▶ **PROVIDED MATERIAL**:
-.-.-
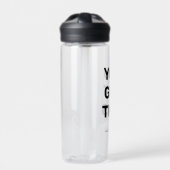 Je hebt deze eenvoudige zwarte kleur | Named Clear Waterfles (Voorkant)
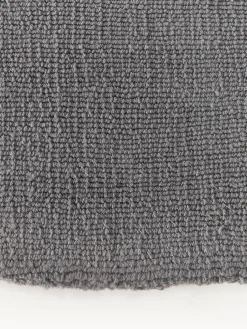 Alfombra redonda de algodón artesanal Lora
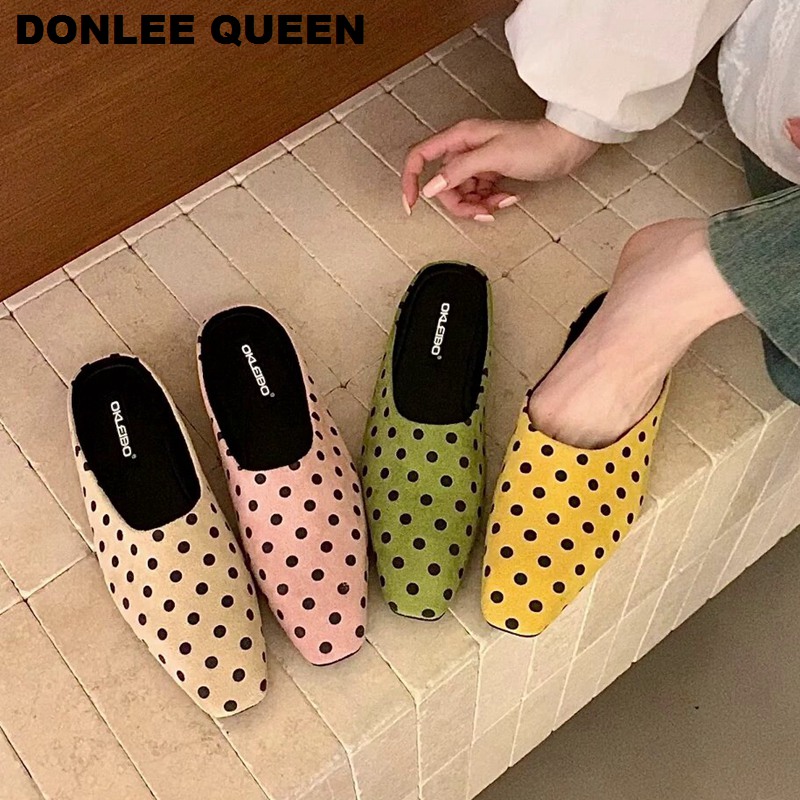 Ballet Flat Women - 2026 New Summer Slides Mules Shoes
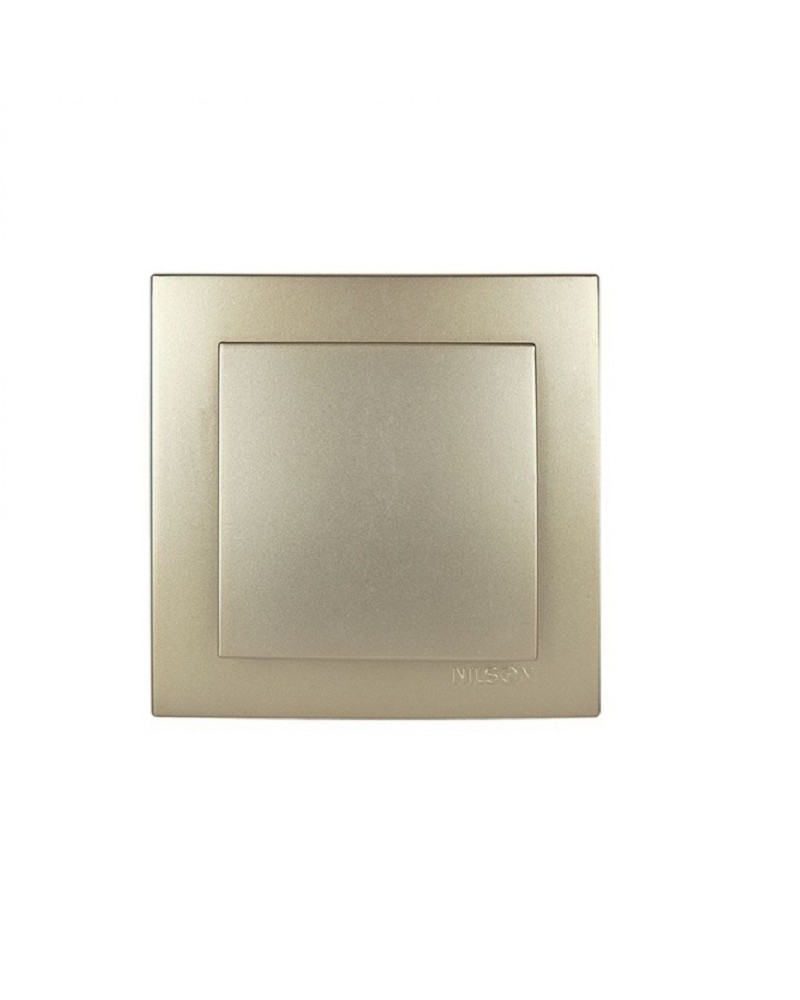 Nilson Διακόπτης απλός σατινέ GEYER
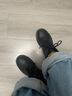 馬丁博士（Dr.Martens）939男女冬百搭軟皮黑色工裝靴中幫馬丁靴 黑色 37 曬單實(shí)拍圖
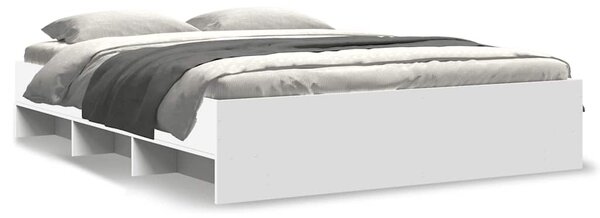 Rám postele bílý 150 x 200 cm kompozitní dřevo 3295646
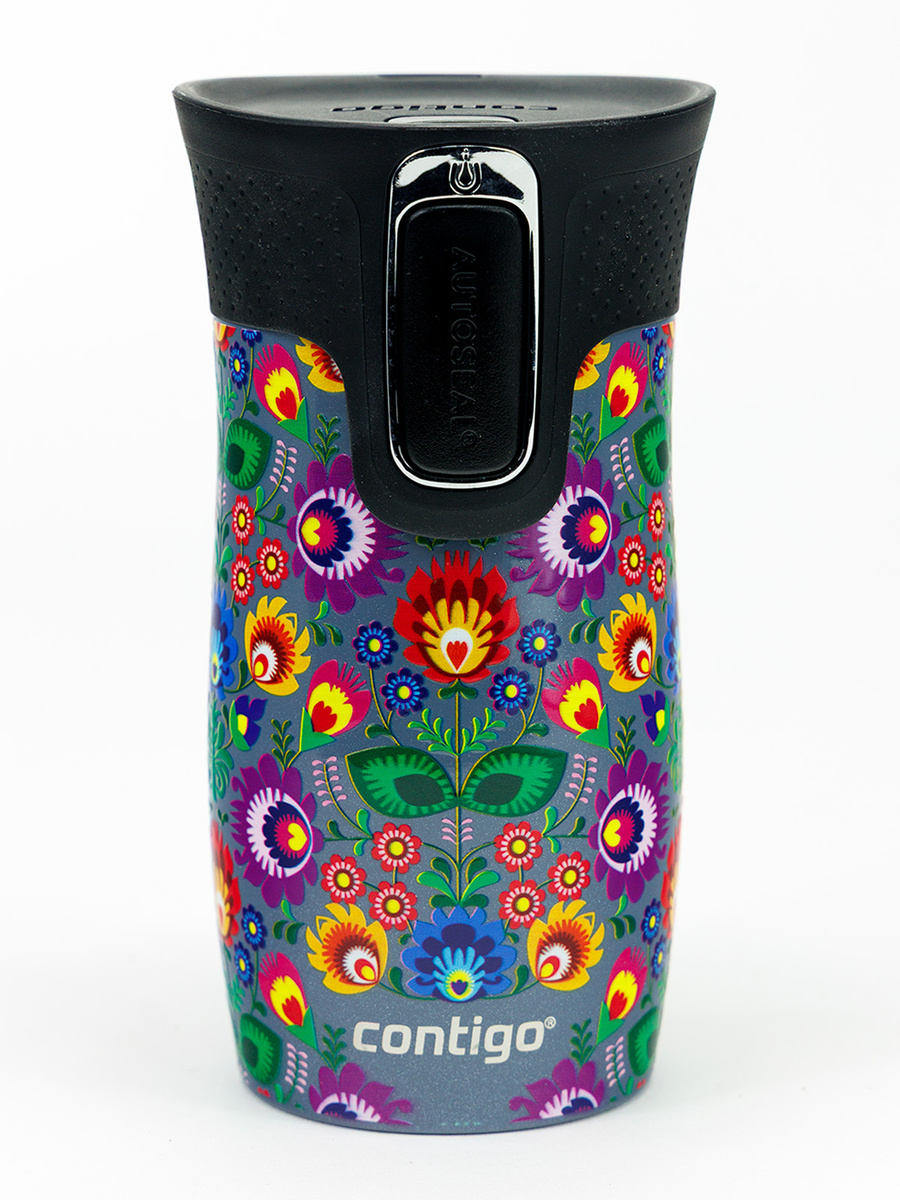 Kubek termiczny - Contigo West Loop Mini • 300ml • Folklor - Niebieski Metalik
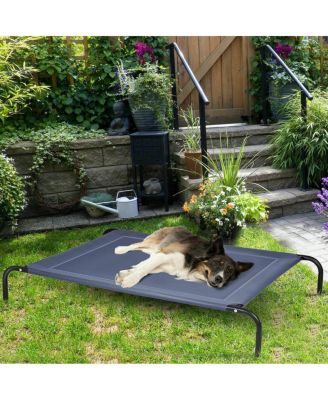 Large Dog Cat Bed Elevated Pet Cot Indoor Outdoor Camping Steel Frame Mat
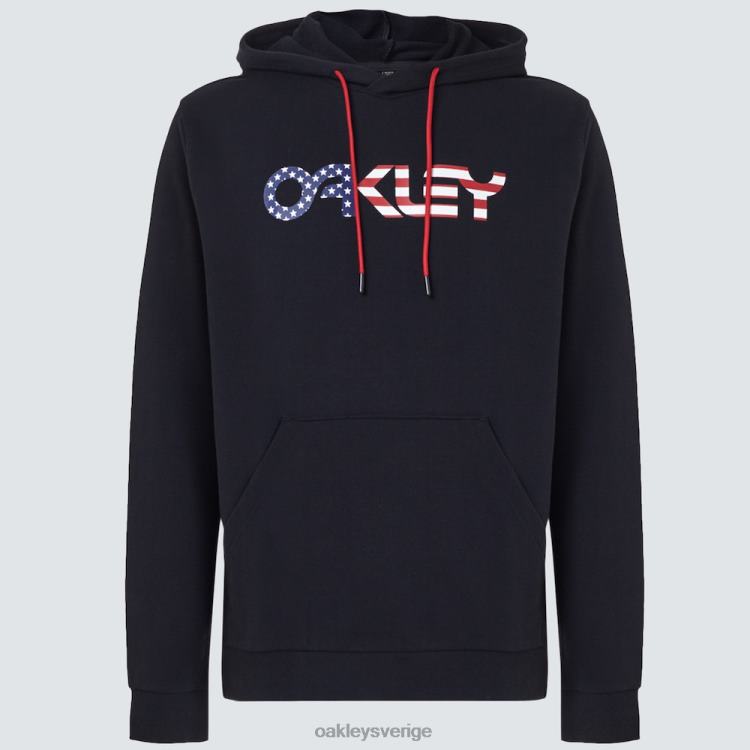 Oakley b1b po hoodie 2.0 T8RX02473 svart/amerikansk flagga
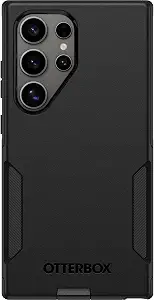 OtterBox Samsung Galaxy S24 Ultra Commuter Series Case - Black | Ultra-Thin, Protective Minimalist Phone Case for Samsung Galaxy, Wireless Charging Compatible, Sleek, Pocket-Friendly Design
-.-.-
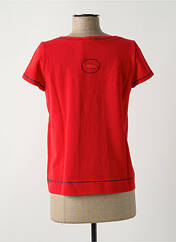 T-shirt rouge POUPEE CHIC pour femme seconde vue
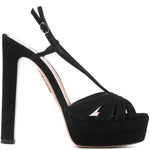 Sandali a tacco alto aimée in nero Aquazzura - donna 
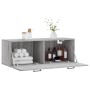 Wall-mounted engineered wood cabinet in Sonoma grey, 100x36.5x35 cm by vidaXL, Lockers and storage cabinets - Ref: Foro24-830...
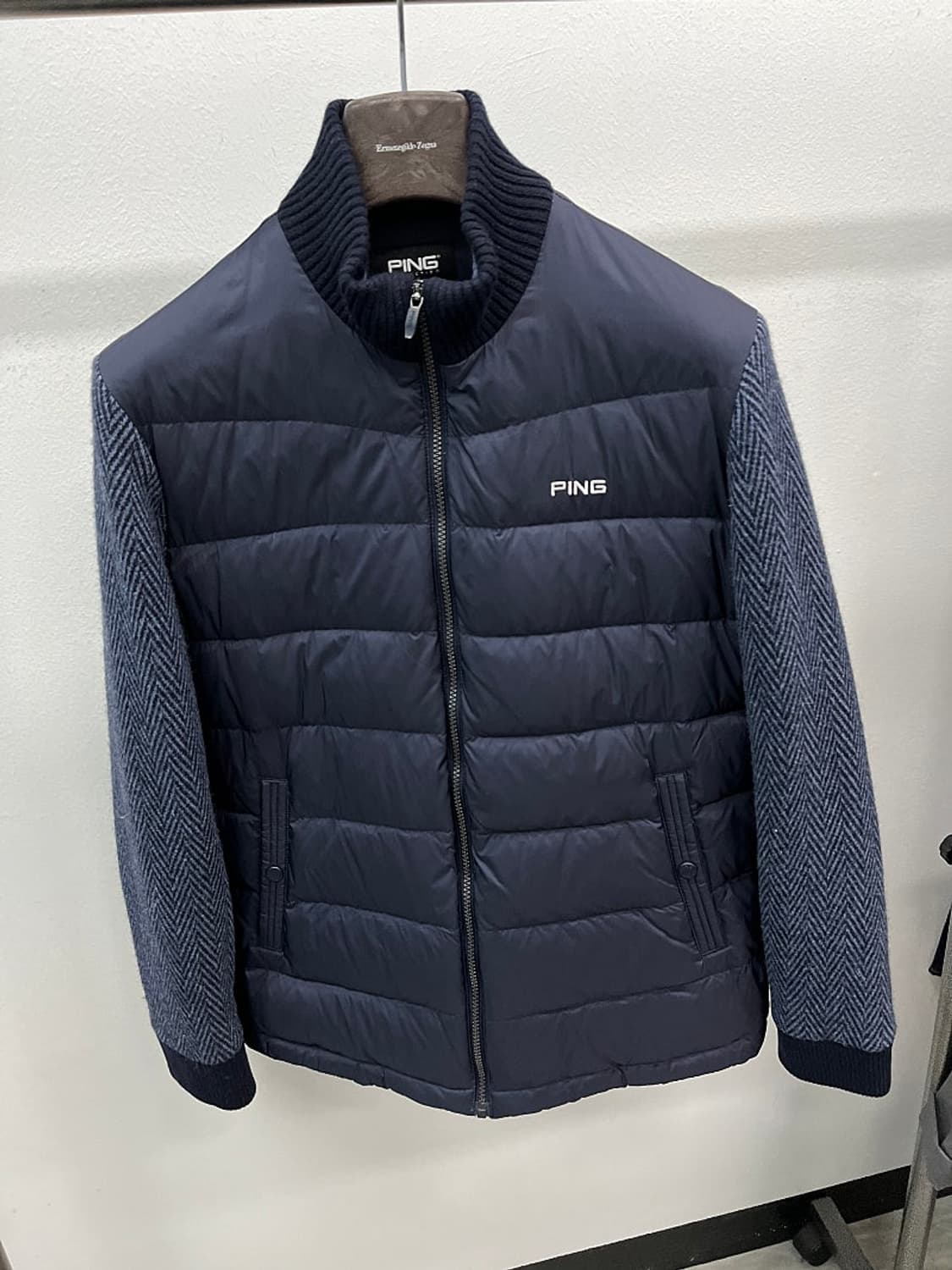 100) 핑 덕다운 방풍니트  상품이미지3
-.-.-
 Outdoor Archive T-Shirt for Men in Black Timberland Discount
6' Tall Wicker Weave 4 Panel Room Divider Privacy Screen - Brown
-.-.-
Print, exactly, each line above from the one with "Oakley b1b po" to the one with "OtterBox Samsung Galaxy", end lines included. Leave pictures out of it.

▶ **SOLUTION TO THIS TASK**:
 Oakley b1b po hoodie 2.0 T8RX02473 svart/amerikansk flagga
 OtterBox Samsung Galaxy S24 Ultra Commuter Series Case - Black | Ultra-Thin, Protective Minimalist Phone Case for Samsung Galaxy, Wireless Charging Compatible, Sleek, Pocket-Friendly Design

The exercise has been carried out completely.